Materials provided:
····················
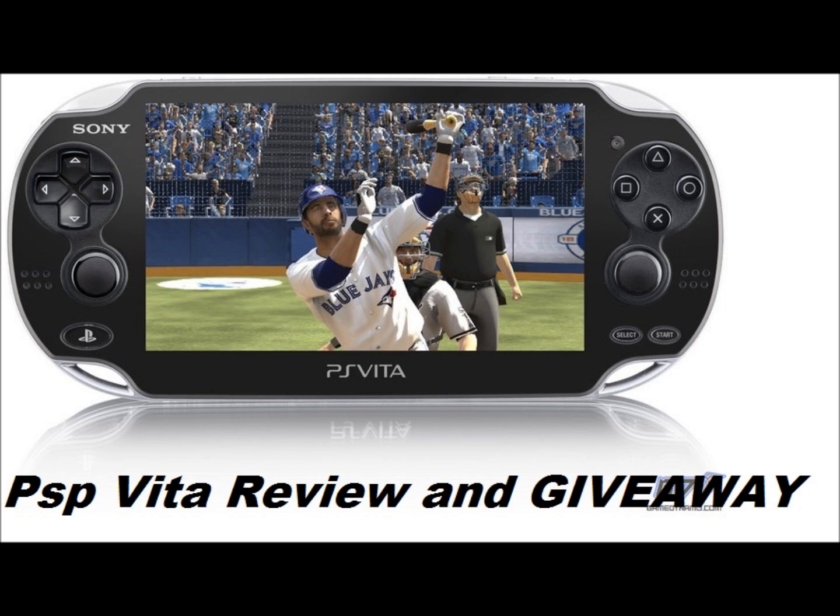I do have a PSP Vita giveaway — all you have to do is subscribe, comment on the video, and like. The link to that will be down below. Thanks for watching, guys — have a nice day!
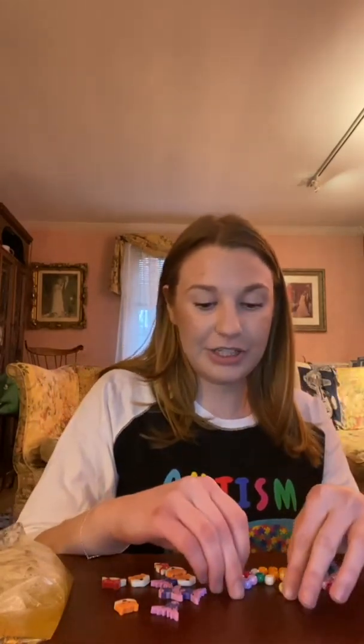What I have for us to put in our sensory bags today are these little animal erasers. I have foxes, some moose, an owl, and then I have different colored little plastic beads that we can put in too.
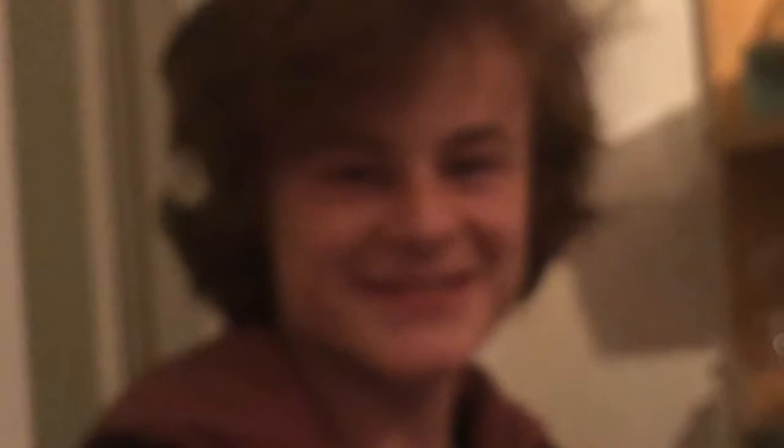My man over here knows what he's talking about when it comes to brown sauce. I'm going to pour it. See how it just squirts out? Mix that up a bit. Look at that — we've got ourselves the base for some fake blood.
····················
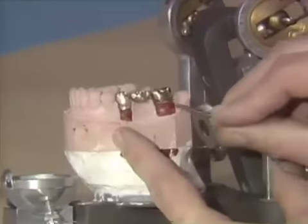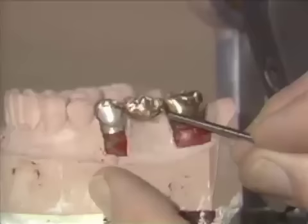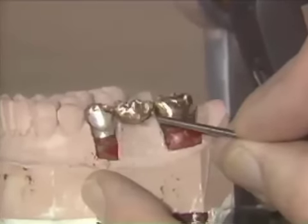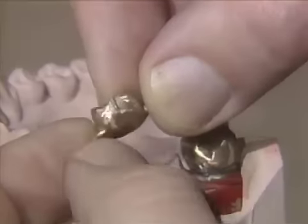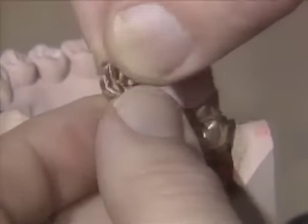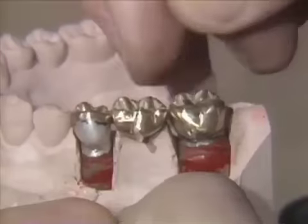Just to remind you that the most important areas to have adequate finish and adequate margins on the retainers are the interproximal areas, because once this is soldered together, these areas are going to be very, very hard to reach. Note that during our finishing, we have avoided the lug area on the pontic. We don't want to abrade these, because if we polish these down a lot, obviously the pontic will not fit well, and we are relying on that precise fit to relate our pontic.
····················
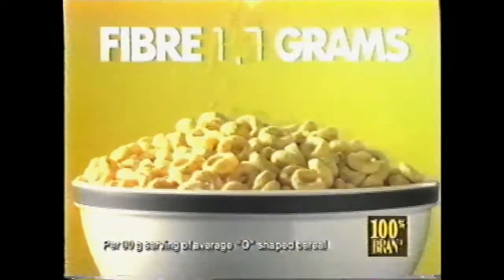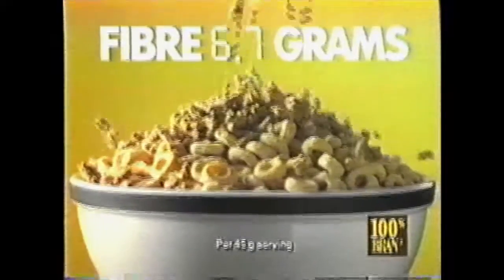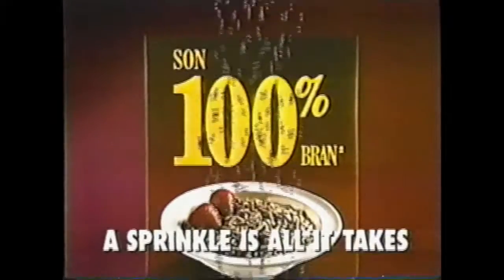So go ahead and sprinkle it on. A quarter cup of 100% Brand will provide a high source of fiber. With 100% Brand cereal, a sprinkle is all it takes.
····················
What to work on: Output only the lines above from the one containing "What I have" to the one containing "My man over", both included, exactly as written and with no pictures.

Written response:
What I have for us to put in our sensory bags today are these little animal erasers. I have foxes, some moose, an owl, and then I have different colored little plastic beads that we can put in too.
My man over here knows what he's talking about when it comes to brown sauce. I'm going to pour it. See how it just squirts out? Mix that up a bit. Look at that — we've got ourselves the base for some fake blood.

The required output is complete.